### [Your assignment]
Repeat exactly the lines of the records below, starting at the line containing "20612 Charing Cross Cir Property Photo 42" and ending at the line containing "Girls dress". Leave the pictures out.

Segment Start: Records shown

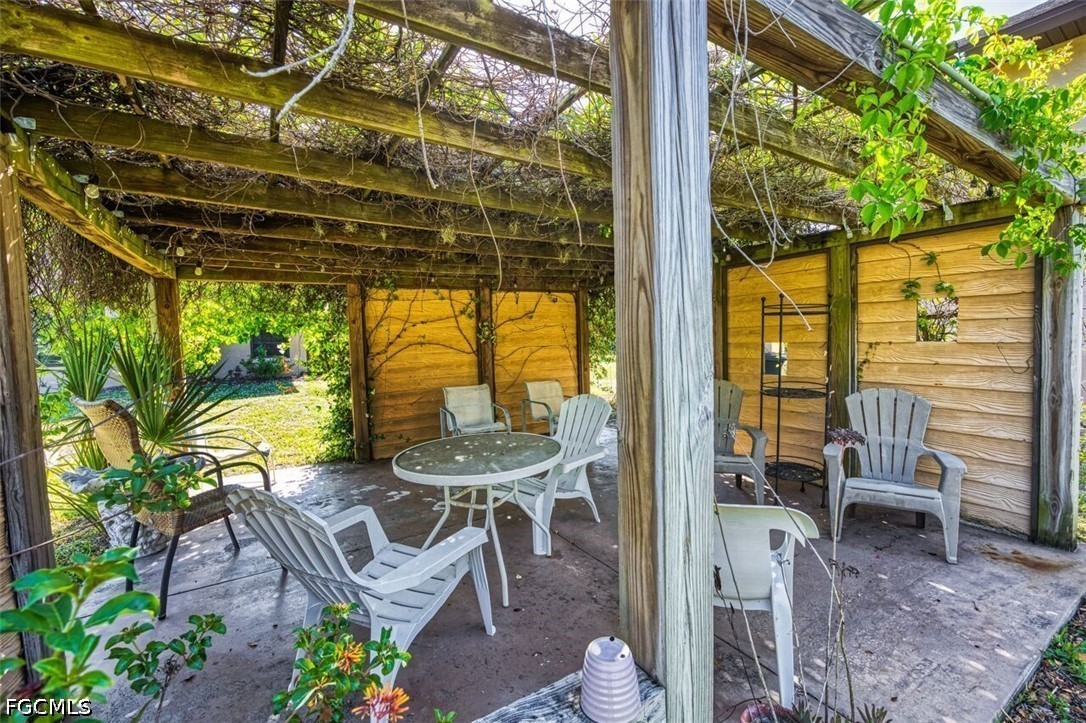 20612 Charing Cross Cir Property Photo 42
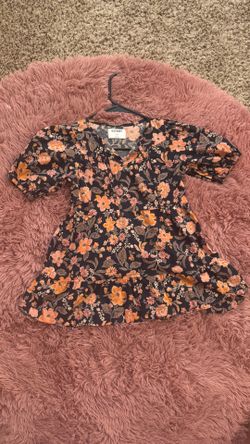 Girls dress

Segment End: Records shown
Segment Start: Records shown

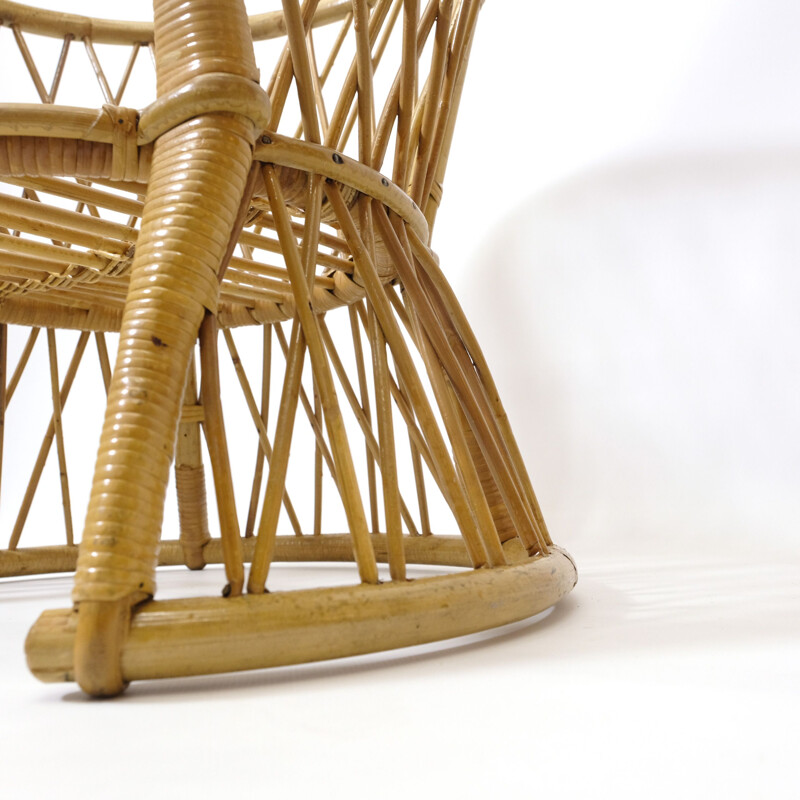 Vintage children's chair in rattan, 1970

Segment End: Records shown

### [Your solution]
 20612 Charing Cross Cir Property Photo 42
 Girls dress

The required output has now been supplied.